During the early years of the Porfiriato (1873-1910), the old Mexican Empire capital experienced a process of urban improvements characterised by the ruling-class tastes of the time to imitate the forms of European capitals, especially Paris. This concern led to European trained architects arriving in the city, such as Adamo Boari, who had already worked in Chicago and New York.
Boari designed the National Theatre (1904), which still contains the glass curtain built by Tiffany in New York, the theatre ceiling, the proscenium arch mosaic, the group of sculptures on the outside dome, which were made by Géza Maróti in Budapest, and the four Pegasus sculptures by the Catalan sculptor Agustí Querol. The building was completed in an Art Deco style by Federico Mariscal in 1934.
The city was extended with the construction of colonias, or housing schemes, for the new middle- to upper-class inhabitants. These included single-dwelling houses or apartment blocks that in many cases copied decorative Art Nouveau elements for their façades, with undulating borders for openings and stylised plant forms, highlights of which can be found in the Colonia Romana (Chihuahua, 78) and Colonia Juárez (Bucareli, 116).
The interior of the Gran Hotel de México, which is located in the old Centro Mercantil (1896-1897) building, by Garza i Gonzalo Garita, retains beautiful examples of the decorative arts, such as the ceiling of its main hall, skylight designed by Jaques Gruber, who was a member of the Ecole de Nancy (1908), or the forged iron and glass elevator.

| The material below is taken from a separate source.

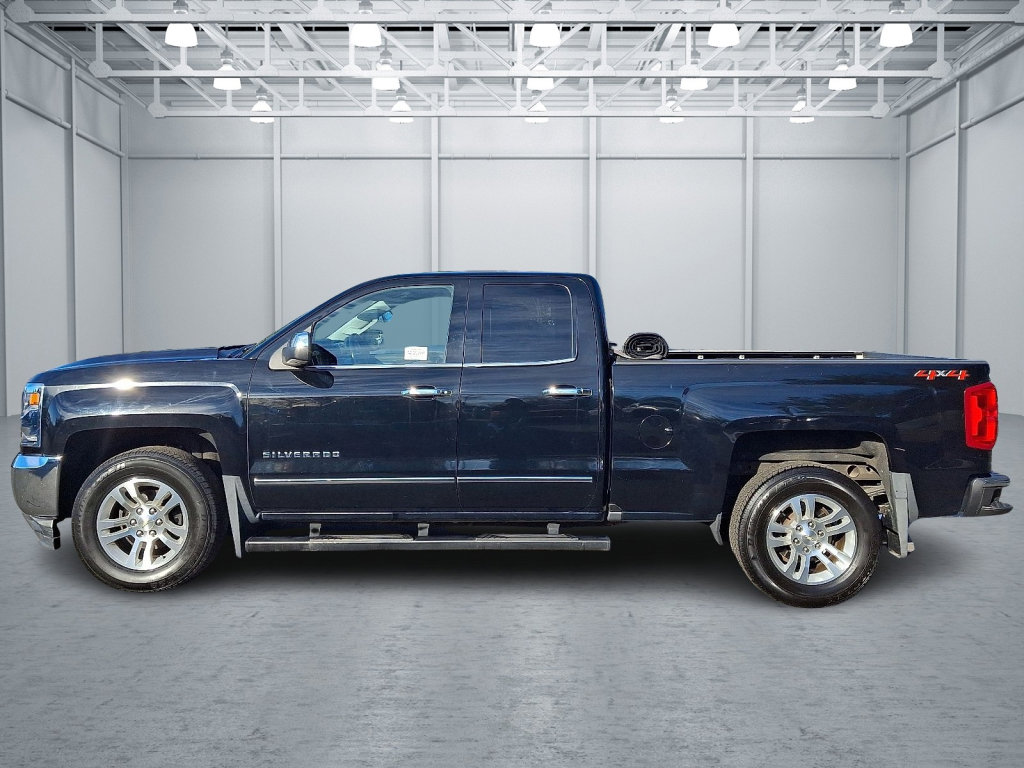 Used 2018 Chevrolet Silverado 1500 LTZ image 2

Conceived as a shopping centre with shops and offices, the building was constructed according to the Chicago structural system, involving a metallic grill upon which the steel structure is built.

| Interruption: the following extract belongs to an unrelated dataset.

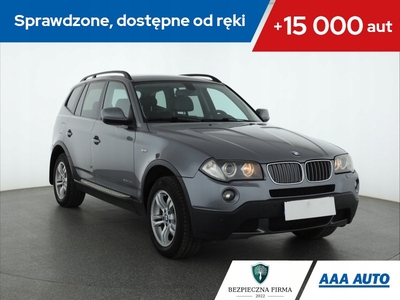 BMW X3 E83 xDrive20d 177KM 2010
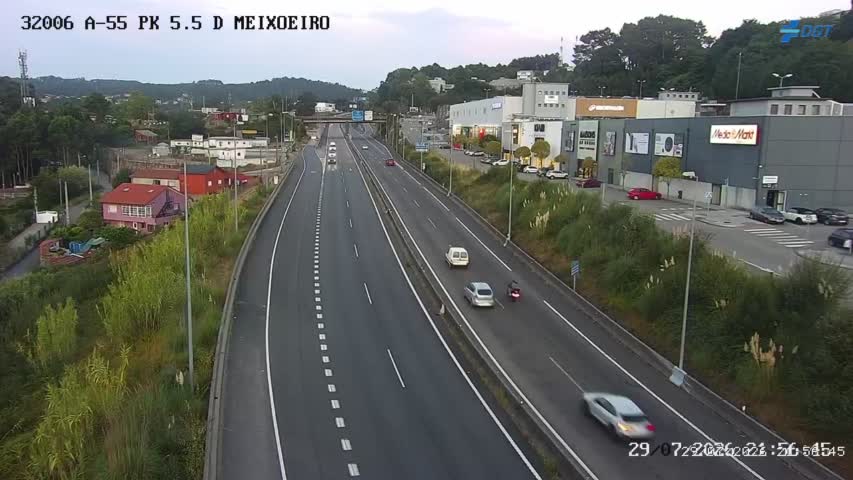 Cámara Meixueiro (Km 5.5)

The Chopo Museum in the city is also a good example of iron architecture. The building was constructed in the German city of Oberhausen for the Düsseldorf Industrial Art Exhibition in 1902. It was bought by the Compañia Mexicana de Exposiciones Permanente and rebuilt by the Colonia de Santa Maria la Ribera under the direction of the engineers Bachmeister, Ruelas and Dömer.
For a full picture of the spirit of Art Nouveau in Mexico, one must not forget the original furnishings of the Casa Requena, currently displayed in the Quinta Gameros Museum in Chihuahua. The furniture was designed by the lawyer José Luís Requena, aided by the Catalan artist Ramon P. Cantó, to furnish his home at Vera Cruz 43, which now no longer exists.